Конечно, лидером по тогдашним культпоходам был Эрмитаж, с его сокровищами. Каждый день она ходила туда. Леонардо, Лоджии Рафаэля, Рембрандт, а потом, – наверх, к любимым Матиссу, Пикассо, Деррену, Сезанну. Смотрение, вглядывание в полотна было сродни питью воды в жаркий день. Надори ловила себя на том, что начинает вся светиться от радости, переступая порог великолепного дворца. Всё здесь приводило её в священный трепет. Лучи света, падавшие из окон, мраморные лестницы с каменными вазами и скульптурой на площадках. Рельефы лепнины, мозаики, роспись плафонов. Сами анфилады залов, бесконечность пути, лабиринты переходов и лестниц. Огромный мир этого «острова» под названием Музей. Забравшись на верхний этаж огромной экспозиции, уже совсем выбившись из сил от множества впечатлений, Надори оборачивалась к Дворцовой площади, смотрела на ангела, стоящего на колонне, потом переводила взор на мостовую, обводила взглядом всю панораму площади и медленно закрывала глаза, так, чтобы свет закатных лучей казался мерцающим сквозь опущенные ресницы.

Снова оказавшись на занятиях по живописи, она старалась сама поставить себе задачу: писать в духе кого-то из любимых художников. Так было намного интереснее, чем просто мусолить натюрморты. Ей нравилось составить натюрморт так, чтобы из предметов выстроилась компания, чтобы каждый из них был персонажем, вступал в отношения с другими. (Впоследствии, ей очень пригодился этот навык). Однажды она попросила у педагога по живописи разрешения поставить свой натюрморт. Взяла деревянный планшет, положила его с одной стороны на спинку стула, другой стороной на подоконник. Поставила кувшины, пару мелких предметов и одну драпированную белую ткань уложила. Взяла тушь и перо, и села вдохновенно царапать ватман пёрышком. Так и родился её любимый натюрморт, который, полежав дома на полках среди старых работ со временем оказался на её большой выставке. Оказалось, что тема чёрного и белого, начатая тогда, развивалась, подспудно росла, и превратилась в цельную экспозицию, посвящённую миру Пьеро. На это потребовалось около тридцати лет. Выставку эту, как и несколько других, они делали совместно с бывшим её сокурсником Майком Ловкасом, вернувшимся в её жизнь однажды так внезапно.


3.2. Время выбора

«Вернёмся же к сюжетной линии Майка Ловкаса, о любезный читатель!», – так продолжала Надори своё повествование в «Книжке под подушкой».

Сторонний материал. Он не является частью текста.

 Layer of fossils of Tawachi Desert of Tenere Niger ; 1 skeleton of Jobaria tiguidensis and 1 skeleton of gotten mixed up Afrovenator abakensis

Собственно, в институтские годы она общалась с ним «по касательной», в прямом и в переносном смысле. Он как-то всё «задевал» её. Движениями, словами, своими рисунками, шутками, взглядами. Тогда, в юности, цельного сюжета не было. Да и не могло быть: уже определились положения фигур на шахматной доске. И Олле не была ферзём. Виктория и Майк, неразлучной парочкой, упоённые друг другом, ходили за ручку в институт. Виктория сшила ему куртку, окрасив белую ткань в технике батик. Майк учил её живописи, они много рисовали. Невероятно плодотворным было их летнее семейное пребывание в деревенском имении Виктории и её семьи. Настоящий деревенский дом на юге России, где чернозём, где овощи растут, не зная недостатка в пище. Где изобилие яблок и всего, что дарит земля. Виктория делала соления. Они привезли из деревни множество рисунков, этюдов, холстов. Живопись была такой сочной, пастозной, – это было торжество юной материальной любви.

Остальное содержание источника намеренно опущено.